Guardó silencio durante el kilómetro siguiente. Al ver que no decía nada, volví la cabeza y me puse a mirar el paisaje. Pero al final no pude más.

—¿Están bien las cosas con Tracina? El otro día vi que discutíais por lo de la furgoneta.

—Todo está estupendamente, Cassie. Gracias por preguntar.

¡Vaya! No recordaba que Will hubiera estado nunca tan cortante conmigo.

—Muy bien —dije—. No pienso entrometerme más. Pero si hubiese sabido que ibas a estar tan poco sociable, no habría venido. Es domingo. Mi día libre, ¿recuerdas? Pensé que iba a ser divertido, pero…

—¡Cuánto lo siento! —me interrumpió él—. ¿No te estás divirtiendo? Debería esforzarme un poco más para divertirte. También debería dejar de interrumpir tus divertidas conversaciones en horario de trabajo con tus nuevas amistades.

Se refería a Matilda. Le había dicho que dejara de venir al restaurante con tanta frecuencia, pero el otro día, después de nuestra conversación sobre Jesse, Will me había advertido que no estaba bien que me sentara con los clientes cuando estaba trabajando.

—Es una clienta habitual y nos estamos haciendo bastante amigas, eso es todo. ¿Qué tiene eso de malo?

—¿Una clienta habitual que te regala joyas a juego con las suyas?

Echó un vistazo a la pulsera, que tenía apoyada sobre el muslo. Me encantaban el acabado martillado y el lustre del oro pálido. Era tan bonita que no podía dejar de ponérmela desde que empecé a reunir amuletos.

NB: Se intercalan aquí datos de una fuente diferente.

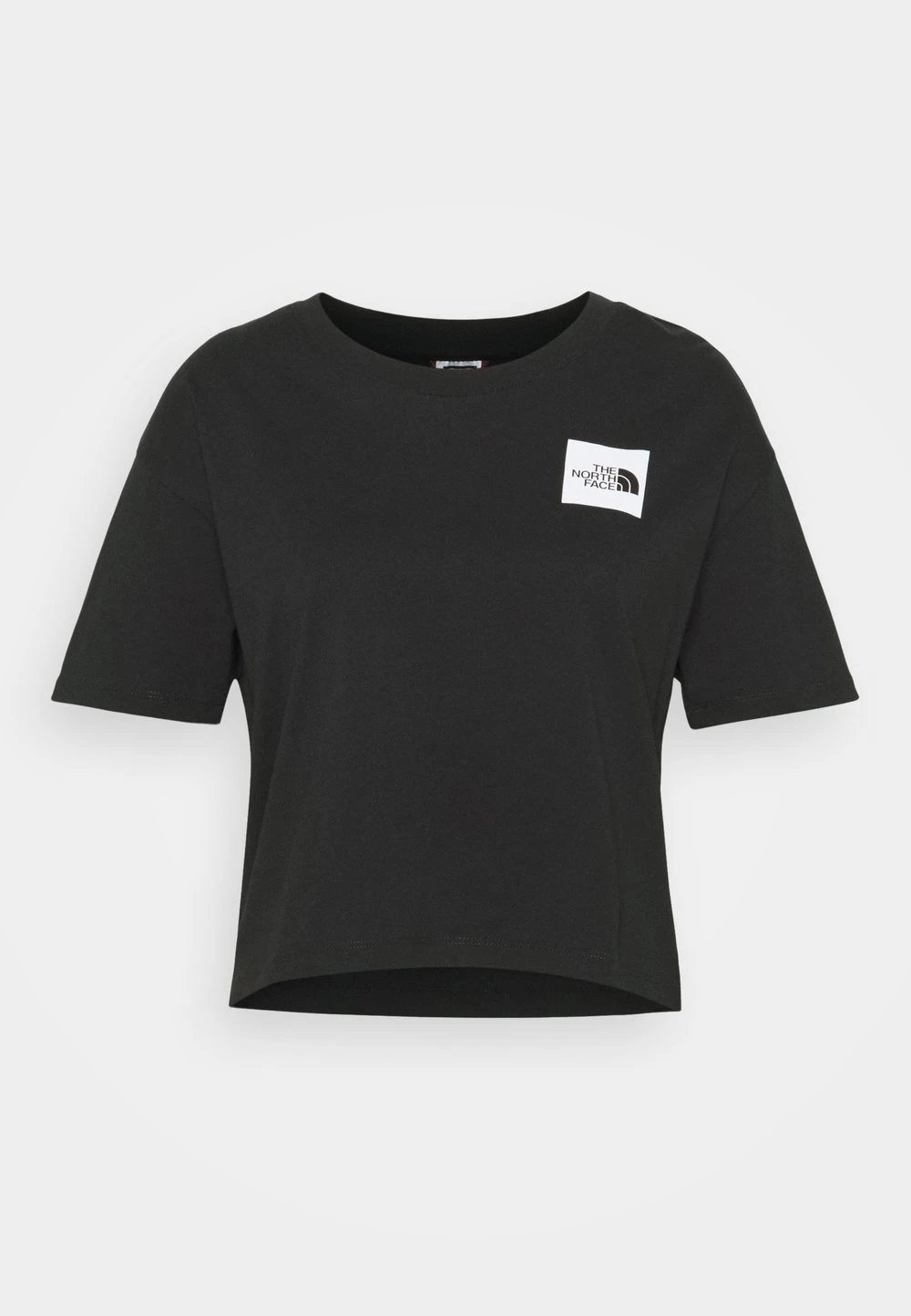 29fd296868484102852d2c39a63c1ab6-1.jpg The North Face Prix Exclusifs CROPPED FINE TEE - T-shirt imprimé t-shirts et tops col rond female -THE NORTH FACE Shop 29fd296868484102852d2c39a63c1ab6 1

—¿Ésta? —pregunté, levantando la muñeca—. Ésta me la dio… un amigo suyo que las fabrica. Se la compré a él. Me gustaba la suya y quise tener una. Las chicas somos así, Will.

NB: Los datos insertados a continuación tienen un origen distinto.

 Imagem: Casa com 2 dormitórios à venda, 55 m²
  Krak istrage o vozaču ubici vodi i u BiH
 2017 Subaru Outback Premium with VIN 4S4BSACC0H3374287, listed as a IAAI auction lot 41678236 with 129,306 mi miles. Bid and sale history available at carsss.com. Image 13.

Esperé que mi explicación le pareciera convincente.

—¿Cuánto te costó? Parece oro de dieciocho quilates.

—Tenía dinero ahorrado. Pero eso a ti no te importa.

Suspiró y volvió a guardar silencio.

—Resulta que ahora no puedo hablar con los clientes. Es eso, ¿no? —proseguí—. Porque tengo que decirte que trabajo mucho y que ese restaurante también significa mucho para mí. Y sabes muy bien que haría cualquier cosa para…

—Lo siento.

—… cualquier cosa para…

—Escúchame, Cassie. He dicho que lo siento. De verdad. No sé por qué estoy tan… Las cosas van muy bien con Tracina. Pero ella pretende… Ella quiere ir más allá y yo no estoy muy seguro de estar preparado, ¿me entiendes? Por eso estoy un poco nervioso. Todo esto me saca de quicio.

—¿Habéis hablado de… boda?

Casi me atraganto con la palabra. ¿Por qué? Yo había rechazado a Will y era normal que quisiera casarse con la chica de la que estaba enamorado, ¿o no?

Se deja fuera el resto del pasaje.